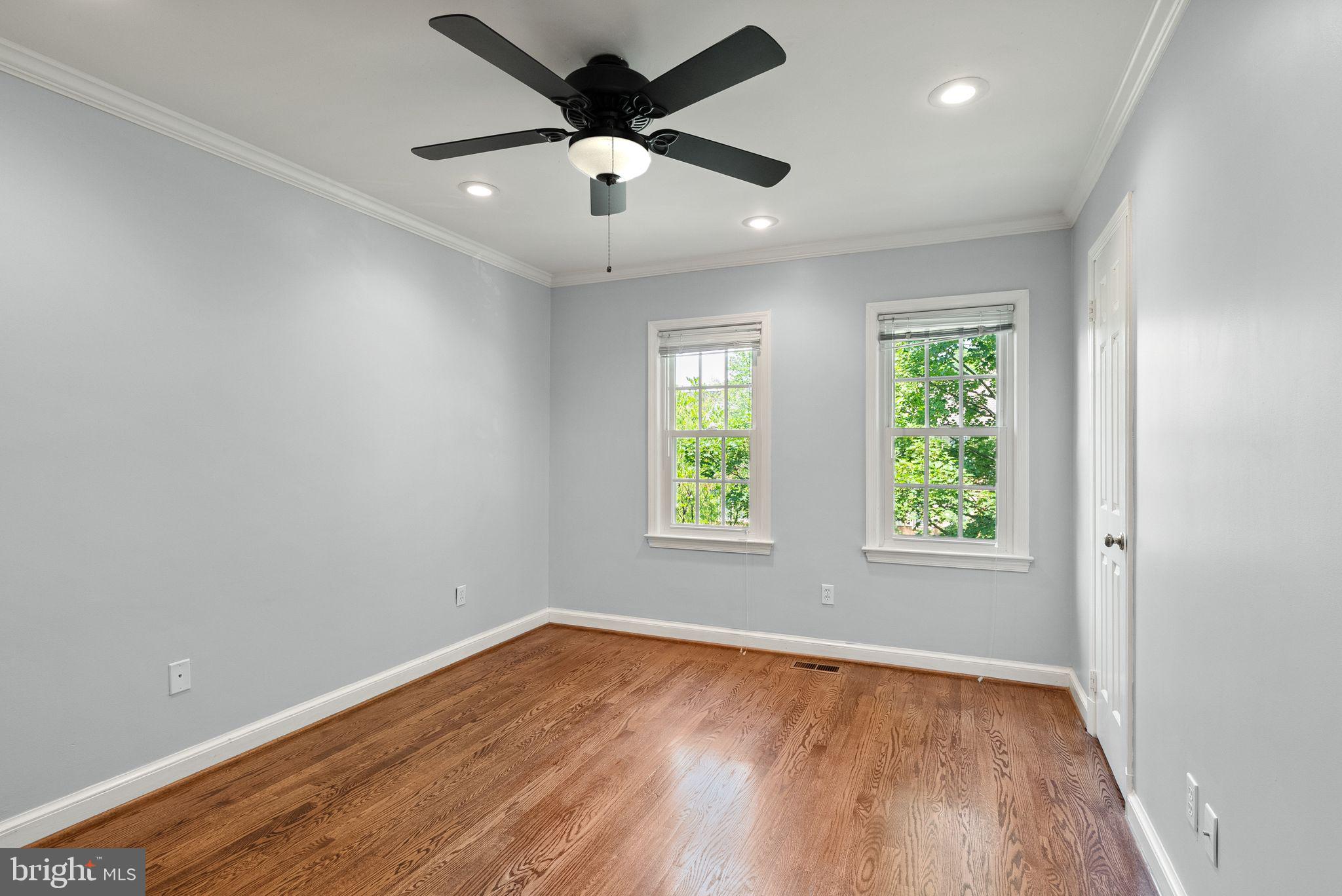 2345 South Rolfe Street Arlington, VA 22202 - Photo 46 of 75 Bedroom 3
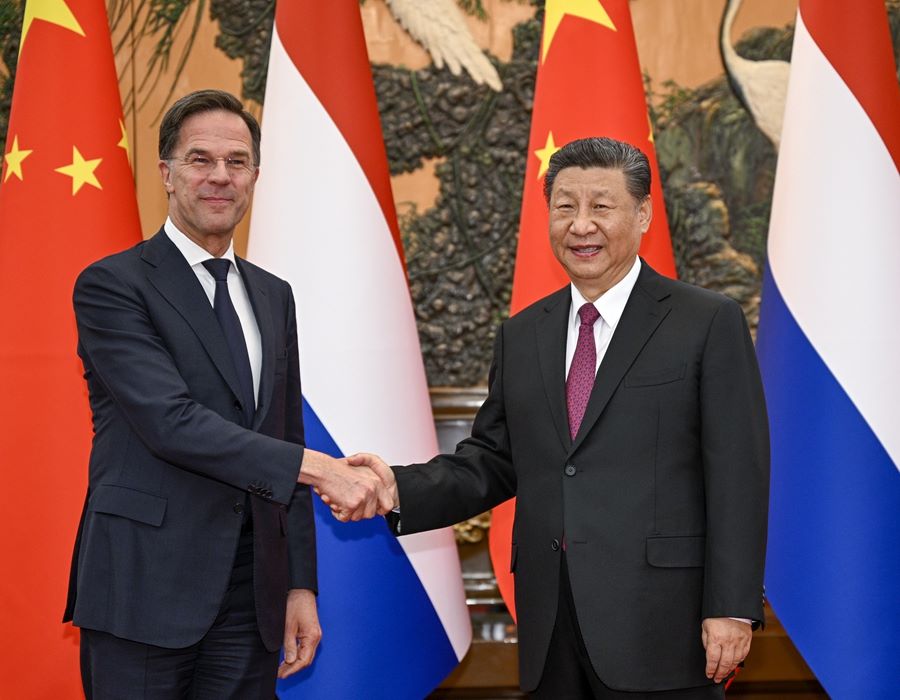 Xi Jinping incontra il premier olandese Mark Rutte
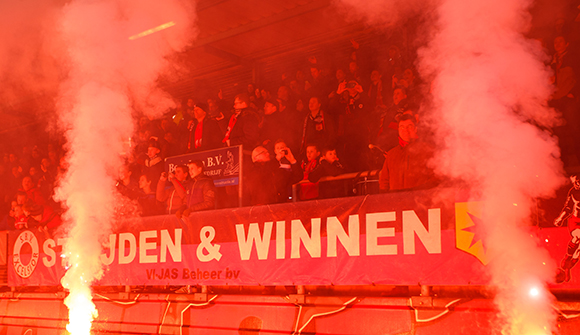 Voorafgaand aan het duel organiseerden de supporters van Excelsior een indrukwekkende sfeeractie.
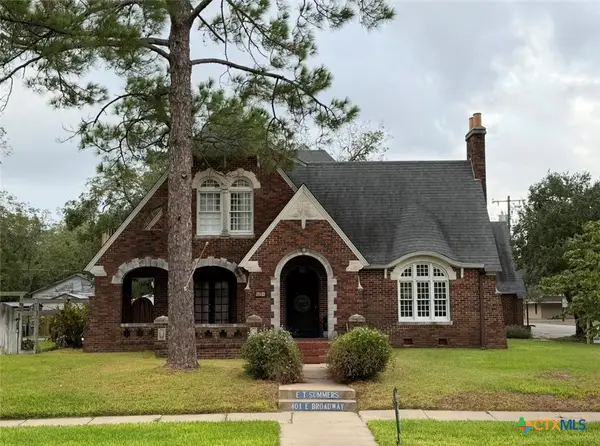 401 E Broadway, Cuero, TX 77954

+ + +

--- EXERCISE GOAL ---
Using the material above, set down every line exactly, but skip the pictures.

--- OUTPUT ---
 2345 South Rolfe Street Arlington, VA 22202 - Photo 46 of 75 Bedroom 3
 Xi Jinping incontra il premier olandese Mark Rutte
 Voorafgaand aan het duel organiseerden de supporters van Excelsior een indrukwekkende sfeeractie.
 401 E Broadway, Cuero, TX 77954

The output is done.